Something very similar can be observed when looking at Cosette’s lichess chart below. There’s about 600 Elo difference between the first and the last version according to CCRL, which is somehow also visible here, but the increase was visible after a long time and far from being stable (unless we define “stable” as ± 100 Elo).

Cosette rating on lichess between Aug 2020 and Dec 2021
Cosette rating on lichess between Aug 2020 and Dec 2021

Another problem is that the pool (so all opponents) is also constantly changing, which can lead to inflating or deflating the engine’s rating, even when there were no changes. This can be also seen on the image above since Cosette wasn’t really updated in a long time before the bot was shut down permanently, and still, Elo was slowly rising.

Self-play can be a trap

Testing based on a self-playing, so running the engine against its older version, is one of the more popular ways to test changes.
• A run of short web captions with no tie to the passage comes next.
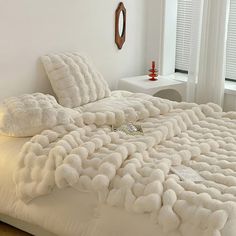 the bed is made with fluffy white blankets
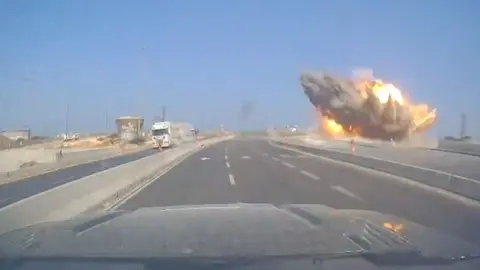 A road with a large explosion happening at the side of it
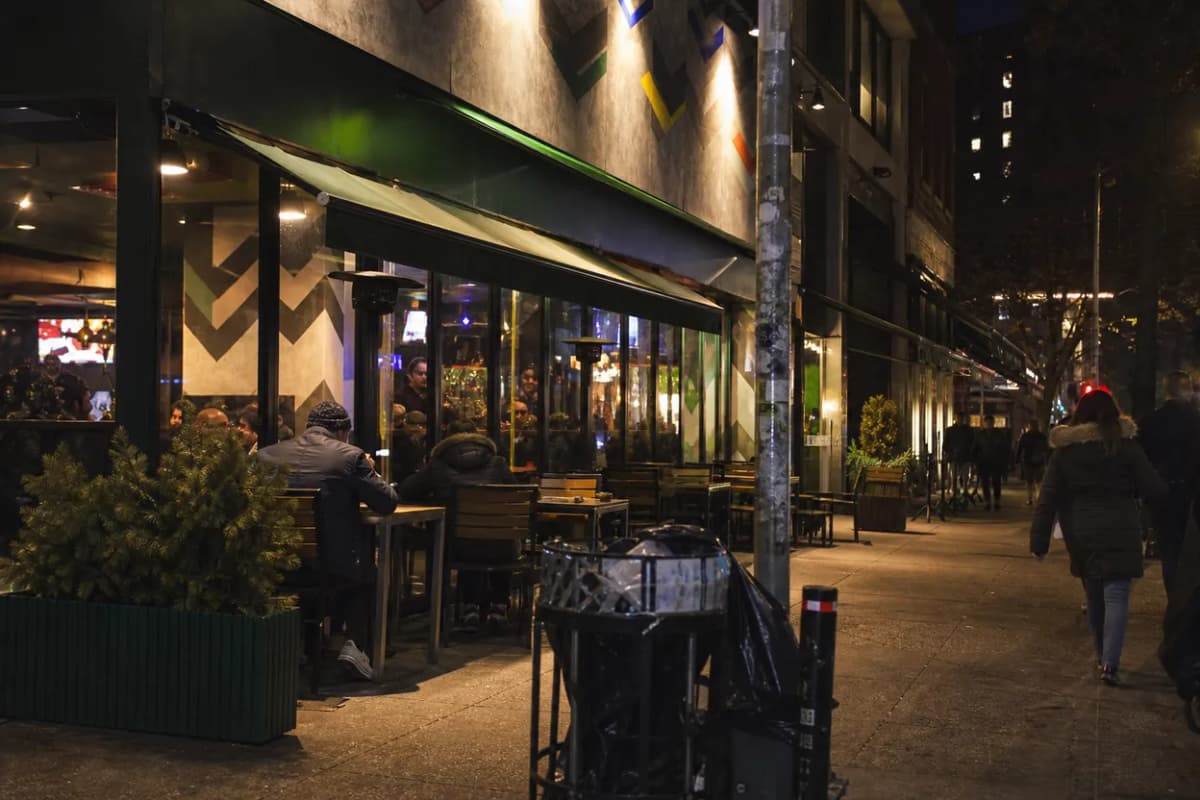 Cover scene for Gotham FC Away Match at Football Cafe: A LES Screen Plan for Solo Fans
This was also my main approach during Cosette development (where I even made my own application called Arbiter), and while it worked, it had also two main disadvantages:

  • rating differences are often very exaggerated: because both players are the same engine (usually with some minor difference), they are prone to exploit weaknesses in the evaluation function or search itself
  • a change which worked here, might not perform well at all when playing with other opponents which have a different evaluation and search features

In the last year, I’ve almost completely abandoned this method, since gauntlet is much better and more reliable (look below) - having at least a few different engines in the tournament very well protects against such exploits.

So how do I test?

First of all, I use cutechess-cli which is probably one of the best testing applications - it’s running without any GUI, so I can leave it on my VPS for multiple hours. The command below is my main way to test changes in Inanis, so I will explain below what every option does and why it’s important.

./cutechess-cli \
    -concurrency 4 \
    -tournament gauntlet -rounds 5000 -games 2 -repeat -ratinginterval 1 -recover \
    -engine cmd="./engines/inanis" name="Inanis DEV" proto=uci option."Crash Files"=true \
    -engine cmd="./engines/2500-2800/k2_095" proto=uci \
    -engine cmd="./engines/2500-2800/Counter-v2.9-linux-64" proto=uci \
    -engine cmd="./engines/2500-2800/weiss" proto=uci \
    -engine cmd="./engines/2500-2800/scorpio_2_84" proto=xboard \
    -engine cmd="./engines/2500-2800/GreKo-Linux-64" proto=uci \
    -engine cmd="./engines/2500-2800/ethereal_823" proto=uci \
    -engine cmd="./engines/2500-2800/inanis_1_0_1" proto=uci option."Crash Files"=true \
    -each tc=inf/5+0.1 book=Perfect2019.bin bookdepth=8 option.Hash=32 \
    -resign movecount=3 score=500 \
    -draw movenumber=50 movecount=5 score=20 \
    -tb /home/ubuntu/syzygy/ -tbpieces 6
  • -concurrency 4 - the more available cores you have, the more parallel games can be played. I have about 6 cores free, but to ensure that the operating system’s scheduler is not messing with the results (especially important in very short games, where every millisecond matter), I always have a very safe margin
  • -tournament gauntlet - we’re not interested in the exact rating of other engines than Inanis, so to save time they will not play matches between each others
  • -rounds 5000 - I’m always manually stopping tests, so the value here is just big enough to never do it automatically
  • -games 2 -repeat - this ensures that every opening will be played two times, with switched colors - this reduced the risk of making the result unstable due to unbalanced opening book positions
  • -ratinginterval 1 - display information about the results after every game
  • -recover - some engines like to crash and we can’t do much with it, so try to restart them instead of aborting the tournament
  • -each tc=inf/5+0.1 book=Perfect2019.bin bookdepth=8 option.Hash=32 - use time control 5+0.1 with no incrementation after n moves, Perfect2019 opening book with depth restriction set to 8, and 32 MB Hash size
  • -resign movecount=3 score=500 - stop the game if both engines indicated that the score is equal or greater than 500 for at least three moves - games like that are probably almost won anyway, so no point to waste time here
  • -draw movenumber=50 movecount=5 score=20 - prevent games from being too long by adjudicating a draw when after 50 moves there are at least 5 ones with the score less than 20
  • -tb /home/ubuntu/syzygy/ -tbpieces 6 - use 6-men Syzygy tablebases to end the game when the result is already known, so a bit of time can be saved

This configuration allows playing about 20000 super-fast games in 24 hours. While their quality might be not the best due to time and depth limitations, the amount of them makes the result pretty stable, with an uncertainty of measurement of about ± 4 Elo (which seems to be true based on my experience).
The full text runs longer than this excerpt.